High Frequency Oscillations (HFOs) have been researched for over 20 years. Originally discovered in normal brain tissue, later work found they were more prevalent in epileptic tissue, leading to many clinical studies attempting to utilize them as epilepsy biomarkers. One of the primary challenges in HFO research is determining whether a recorded event represents normal or pathological neural function. One prevailing theory is that epileptic HFOs are predominantly caused by pyramidal cell firing, while “normal” HFOs are produced by inhibitory post synaptic potentials. Using a realistic computational model containing pyramidal neurons and basket cells, we determined the signal characteristics over a range of parameters.
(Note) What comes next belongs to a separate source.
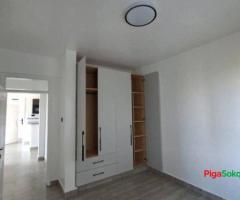 2 Bedroom Apartment | Kitisuru Falls Residence - 4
We found that fast ripples (HFOs > 250 Hz) could only reliably be generated by pyramidal cell firing. Surprisingly, these oscillations occurred even in a completely uncoupled network. We then proved mathematically that, in networks of strongly activated, structurally similar neurons, emergent oscillations are not only possible but expected. This result suggests that pathological HFOs may not require any specific network structure, but instead are simply a property of highly active neurons that have been disconnected from normal inhibitory feedback connections such as is commonly seen in epileptic tissue.